In 1976 this reviewer, as chairman of America’s Four Hundredth Anniversary Committee seeking to place the Roanoke voyages in historical perspective, attended on Baffin Island a modest quadricentennial commemoration of Martin’s Frobisher’s first voyage to North America. Although more than a century had passed since the Inuit led Charles Francis Hall to the site of Frobisher’s fool’s-gold activities, and although significant documents had been published by Richard Hakluyt in 1589, the Hakluyt Society in 1867, and Stefansson and McCaskill in 1938, still only a few scholars were familiar with the subject. Interest in the anniversary, however, spurred archaeologists and historians in the following quarter-century to probe more deeply the natural and archival resources, and the publication of The Archaeology of the Frobisher Voyages, edited by William Fitzhugh and Jacqueline Olins, and Meta Incognita: A Discourse of Discovery, edited by Thomas H. B. Symons, were among the illuminating results.
A recent study is James McDermott’s biographical study, Elizabethan Privateer: Martin Frobisher (Yale University Press, 2001). Of even more value to scholars, however, is the documentary work, The Third Voyage of Martin Frobisher to Baffin Island 1578, edited by McDermott. Nowhere has one of the expeditions been as thoroughly studied and lucidly revealed as in this Hakluyt Society edition.
A brief introduction provides the background of the expedition, the largest of its kind until modern times. Frobisher’s promoters, energized by claims of traces of gold in a black stone taken back on the 1576 voyage, tempered their interests in a Northwest Passage and sent the 1578 flotilla for the express purpose of transporting Baffin ore to England. So confident of success were its sponsors that the expedition carried building materials, supplies, and men for England’s first attempted settlement in North America—a colony of men to remain in Meta Incognita to dig and load ore the following year. However, the small ship carrying building materials became victim to the heaving, icy waters, so no colony was left.

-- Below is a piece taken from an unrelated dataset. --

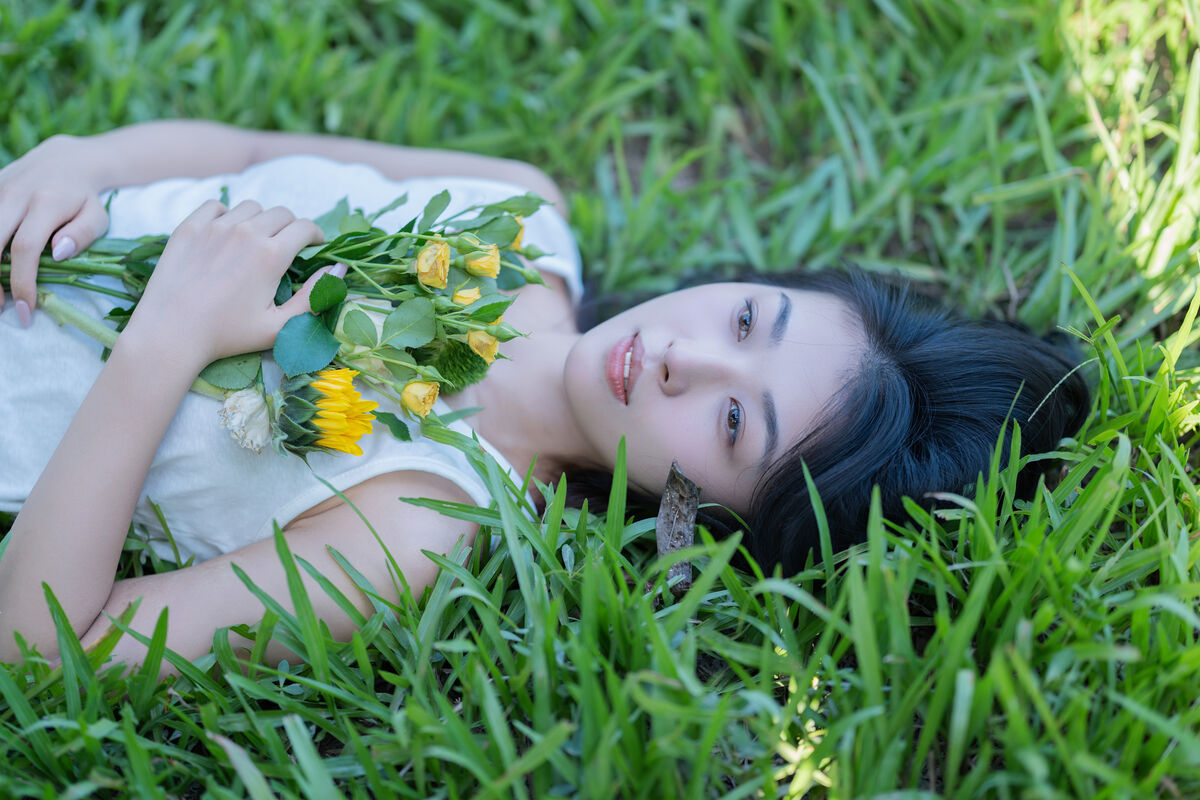 YiTuYu艺图语 Vol.10478 Xiao Lu 17 YiTuYu艺图语 Vol.10478 Xiao Lu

The surviving ships carried tons of Baffin rock to England, where it became an embarrassment to the financial backers, including the Queen.
Of the thirteen documents included in this volume, most—such as George Best’s True Discourse and Thomas Ellis’s True Report—have been published previously, some several times, but McDermott’s annotation makes the new edition especially useful. For example, by comparing the various accounts, the editor concludes that Ellis’s description of an encounter between the English and the Inuit (p. 201) in 1578 is pure fiction. The editor’s care in attribution is indicated in only “tentatively” identifying the expedition’s minister, the Reverend Robert Wolfall, as the author of a “Prayer for voyagers,” and a fragmentary journal of the Judith is noted as being “usually attributed” to Charles Jackman. Chief pilot Christopher Hall’s log for the westbound Thomas Allen and the eastbound Ayde is published for the first time. Michael Lok’s “Doynges of Captayne Furbusher” describes a man far different from Best’s adoring characterization, and Bernadino de Mendoza’s letter to Phillip II—presumably based on a spy’s report—exudes international intrigue.
Readability of the documents is enhanced in the expansion of elisions with letters in italics, and the conventions of the Hakluyt Society are scrupulously followed. The Third Voyage of Martin Frobisher to Baffin Island 1578 adds a distinguished volume to the society’s series and makes readily available the latest scholarship on Elizabethan activities in the Arctic.